__Exercise brief__. The expected output is an exact copy of the lines from the one containing "4-Dimethylaminobenzoyl chloride hcl" through the final line of the entries below, with no images.

[Crawled caption data]
+++++

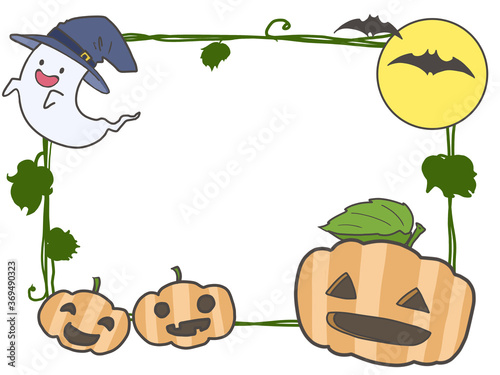 ハロウィンフレーム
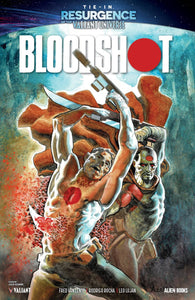 *Pre-Order* RESURGENCE VALIANT BLOODSHOT ONE SHOT CVR B AZAMOR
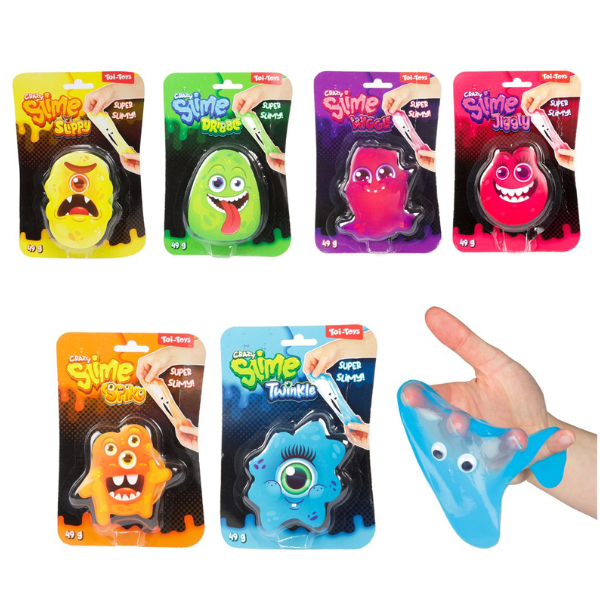 Slime „Monstru cu Ochi”, în as. Slime „Monstru cu Ochi”, în as.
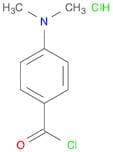 4-Dimethylaminobenzoyl chloride hcl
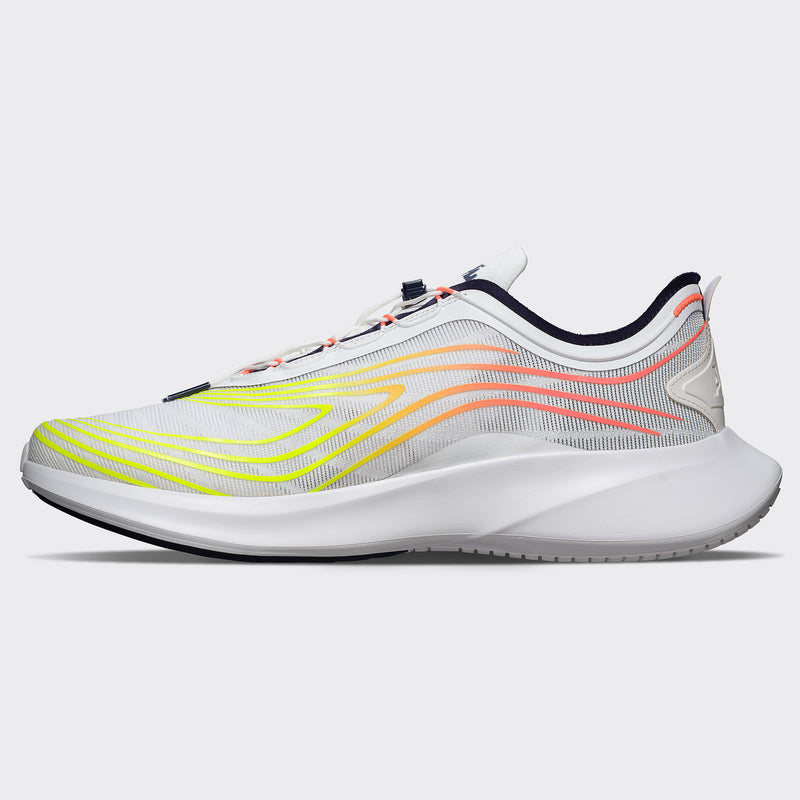 Women's APL Veil White / Energy / Laser Red view 2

+++++

__Problem solution__.
 4-Dimethylaminobenzoyl chloride hcl
 Women's APL Veil White / Energy / Laser Red view 2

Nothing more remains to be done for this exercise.